Analysts warn difficult months ahead as IMF team visits Pakistan
KARACHI: An International Monetary Fund team is visiting Pakistan to monitor progress on reforms tied to a $6.7 billion loan package, with analysts warning of difficult months ahead.
The IMF paid the $540 million first installment of the three-year deal in September, but future payments are dependent on the completion of tough economic reforms measured at quarterly reviews.
Pakistan, battling a homegrown Taliban insurgency, is blighted by a dysfunctional energy sector, with severe power shortages limiting GDP growth.
Sayem Ali, a senior economist at the Standard Chartered Bank, stated that progress had been made on certain benchmarks.
The fiscal deficit for the first quarter was brought down to 1.5 per cent of GDP, against an IMF target of 1.7 per cent.
Reducing Pakistan's fiscal deficit — which neared nine per cent of gross domestic product (GDP) last year — to a more sustainable level was a key aim of the IMF package.
The Washington-based lender envisages the deficit falling to 5.8 per cent of GDP this financial year, and 3.5 per cent by the end of the program.
However, the government has missed the target for foreign exchange reserves by $300 million, which have fallen alarmingly this year, with just $4.2 billion dollars held.
Saqib Sheerani, a former advisor to the finance minister, warned of tough times ahead as Prime Minister Nawaz Sharif's government tries to increase Pakistan's meagre tax receipts.
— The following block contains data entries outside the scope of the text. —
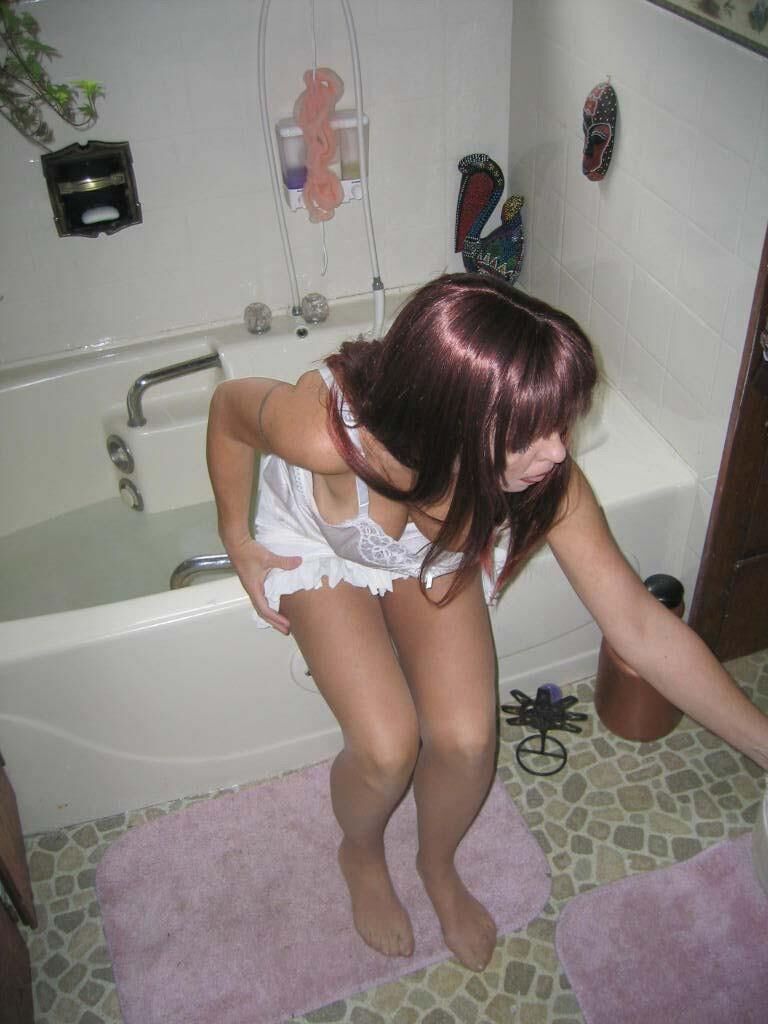 Scarlett Bathtub Slip
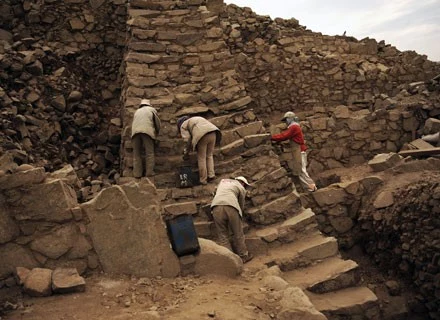 Archeolodzy na ruinach peruwiańskich piramid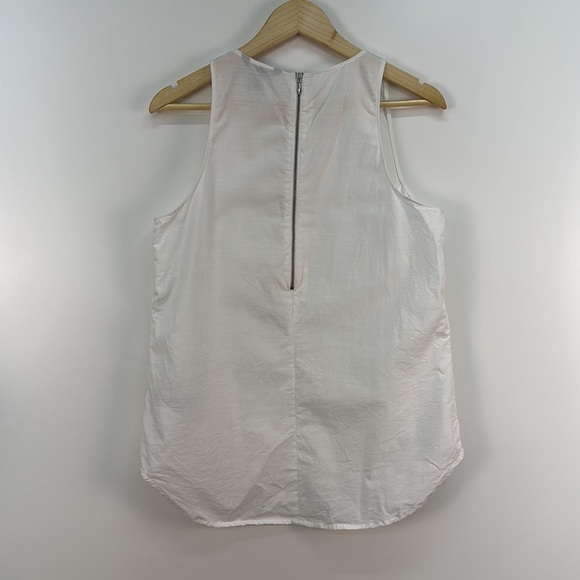 Banana Republic White Eyelet 100% Cotton Sleeveless Top with Zipper Closure Sz M - Picture 6 of 8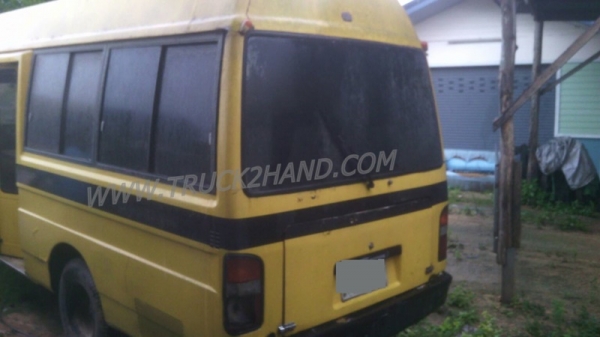 รถบัสรับส่งนักเรียน  รุ่น AM815  แชชซี KN2F เครื่อง 110HP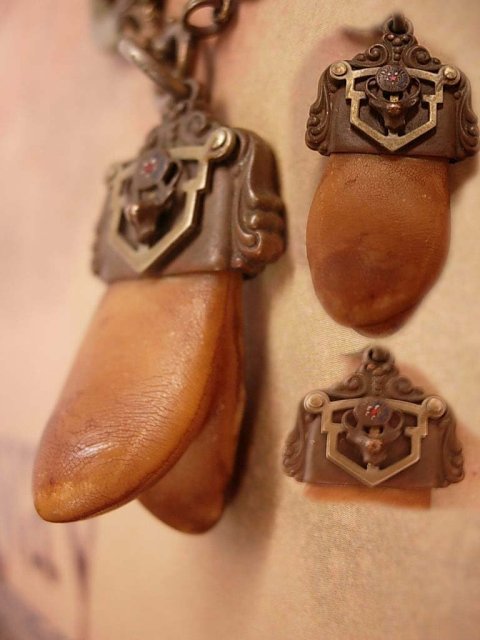 Antique Tooth necklace Bizarre Victorian Chinese Jade Very OLD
“There are some tax concessions that the government allowed recently, and they are contrary to the conditions,” Sheerani said.
Pakistan has 180 million people but only around 250,000 of them pay income tax and agriculture, which still accounts for 50 per cent of the economy, is totally exempt.
Broadening the tax base is politically difficult, even for a government elected with a healthy majority just five months ago.
Doing away with subsidies on electricity that fuel a huge debt problem within the sector is also challenging, with planned price rises held up by interventions from the courts.
“They are getting set back on their efforts to broaden the tax base, backed off power tariff increase and now (a) gas price increase is coming ahead,” Ali said.
In the next quarter, the government needs to raise the gas tariff in line with the IMF advice.
“That would be a tough call for the government as under new constitutional amendments provinces are empowered to set the gas price and they would resist it for sure,” Ali said.
Pakistan abandoned a previous $11.3 billion IMF loan program in 2011 after refusing to carry out strict financial reforms, and still owes about $4 billion to the fund.